-- Task instructions --
Retype, word for word, every line from the one holding "An Old Man Polishing" through the one holding "Boba Tea Cinnamoroll Memo Sheet" in the entries below, both included, and only those lines.

-- Dataset entries --
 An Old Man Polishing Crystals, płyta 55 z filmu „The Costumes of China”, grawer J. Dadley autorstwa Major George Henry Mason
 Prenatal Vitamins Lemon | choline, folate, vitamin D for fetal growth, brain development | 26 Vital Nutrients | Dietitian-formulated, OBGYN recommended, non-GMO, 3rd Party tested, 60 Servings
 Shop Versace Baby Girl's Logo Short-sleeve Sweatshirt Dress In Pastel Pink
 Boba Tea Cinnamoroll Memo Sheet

==

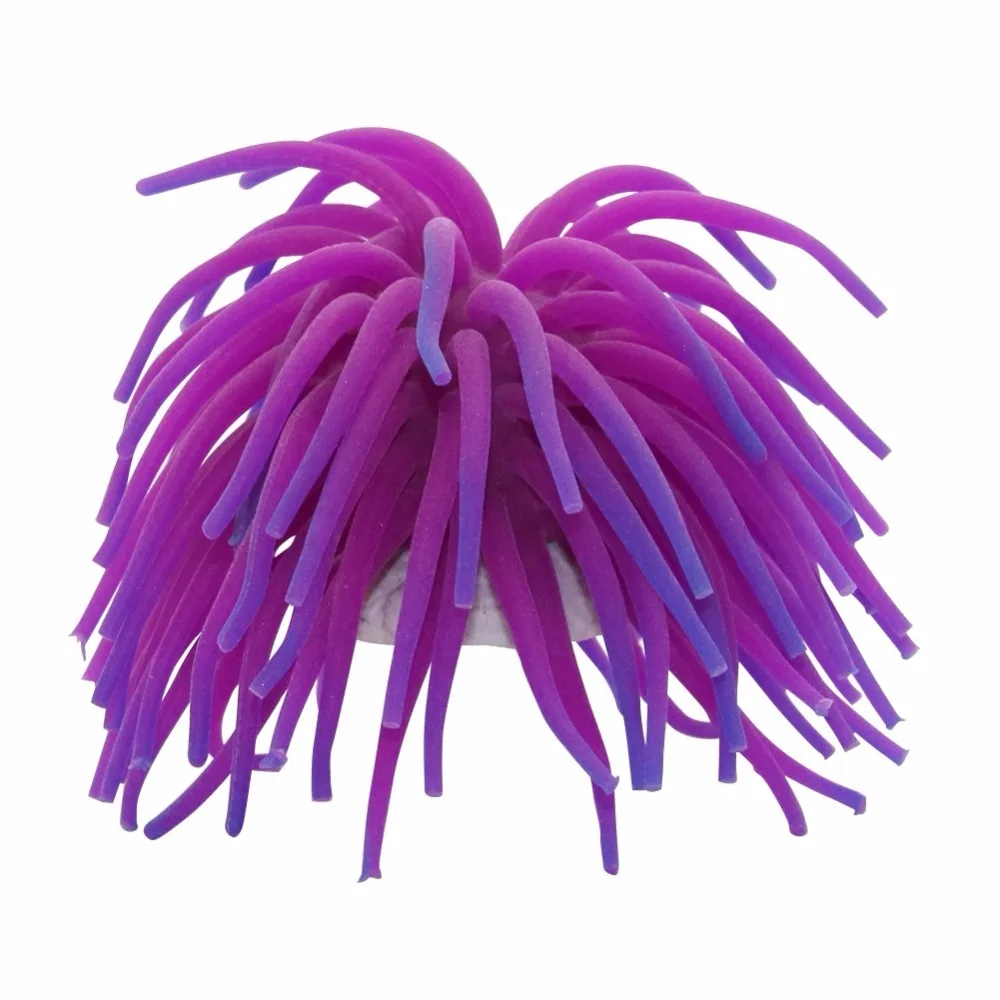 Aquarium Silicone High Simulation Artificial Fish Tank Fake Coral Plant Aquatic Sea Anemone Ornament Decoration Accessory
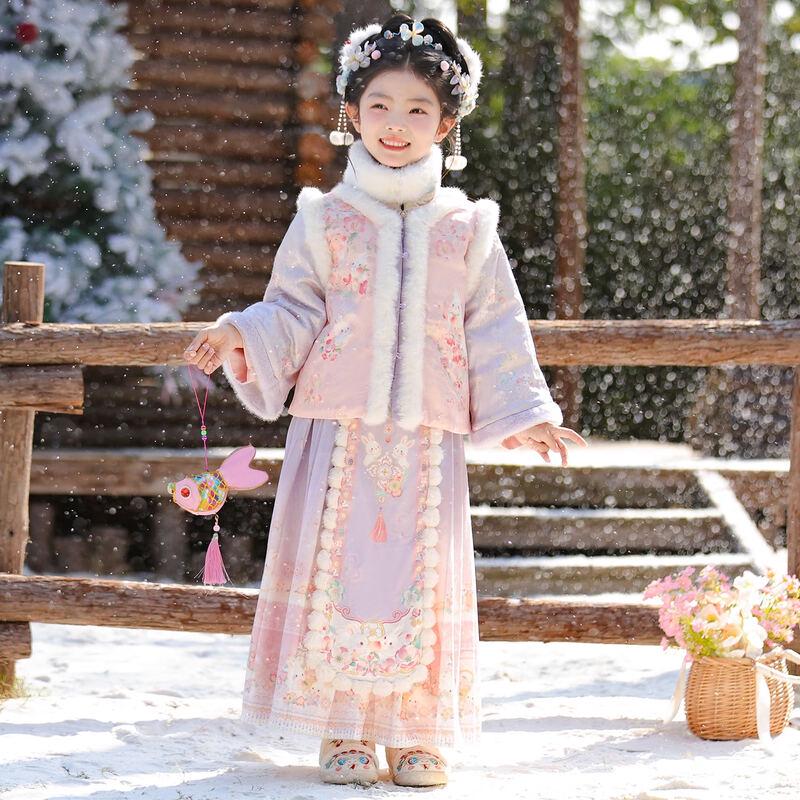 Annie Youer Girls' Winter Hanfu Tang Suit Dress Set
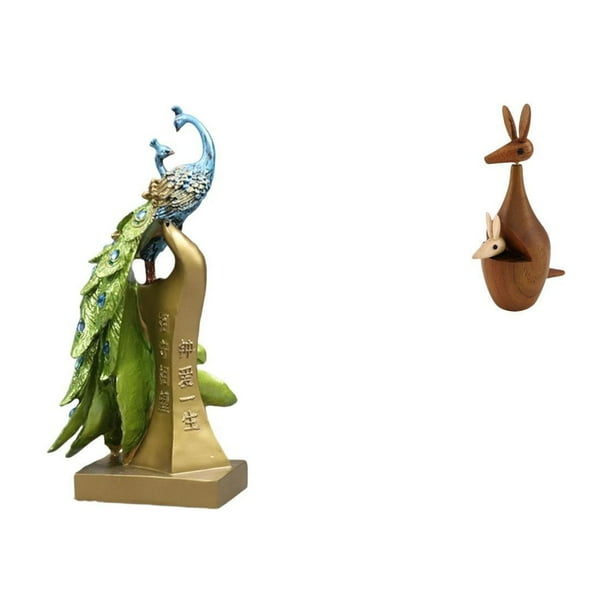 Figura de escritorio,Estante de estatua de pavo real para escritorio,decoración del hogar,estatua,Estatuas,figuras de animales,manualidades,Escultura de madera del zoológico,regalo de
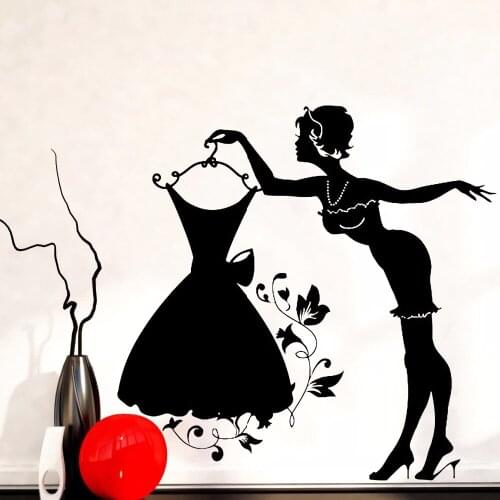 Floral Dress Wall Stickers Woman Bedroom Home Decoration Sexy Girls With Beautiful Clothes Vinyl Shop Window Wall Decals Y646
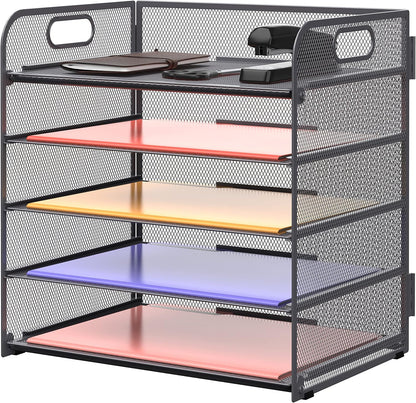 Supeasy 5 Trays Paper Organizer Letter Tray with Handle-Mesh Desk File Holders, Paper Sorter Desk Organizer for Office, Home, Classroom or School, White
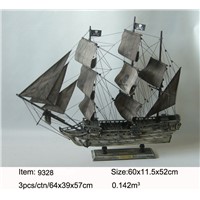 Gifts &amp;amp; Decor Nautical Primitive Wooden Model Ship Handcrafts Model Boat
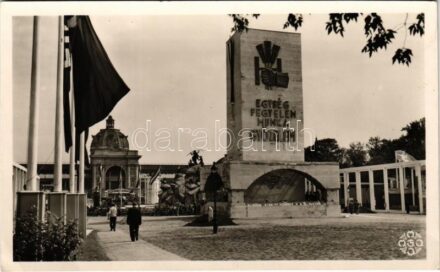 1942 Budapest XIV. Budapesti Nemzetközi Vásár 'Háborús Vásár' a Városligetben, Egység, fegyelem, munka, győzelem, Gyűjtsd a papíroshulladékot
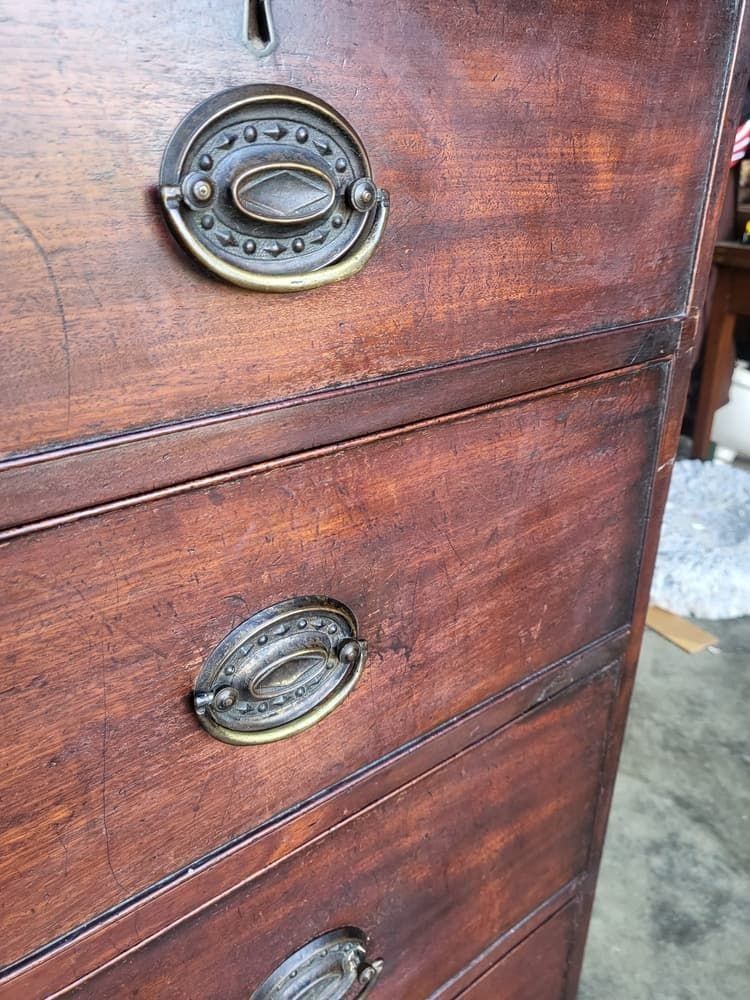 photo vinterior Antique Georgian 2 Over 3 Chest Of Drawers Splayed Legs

-- Response area --
 An Old Man Polishing Crystals, płyta 55 z filmu „The Costumes of China”, grawer J. Dadley autorstwa Major George Henry Mason
 Prenatal Vitamins Lemon | choline, folate, vitamin D for fetal growth, brain development | 26 Vital Nutrients | Dietitian-formulated, OBGYN recommended, non-GMO, 3rd Party tested, 60 Servings
 Shop Versace Baby Girl's Logo Short-sleeve Sweatshirt Dress In Pastel Pink
 Boba Tea Cinnamoroll Memo Sheet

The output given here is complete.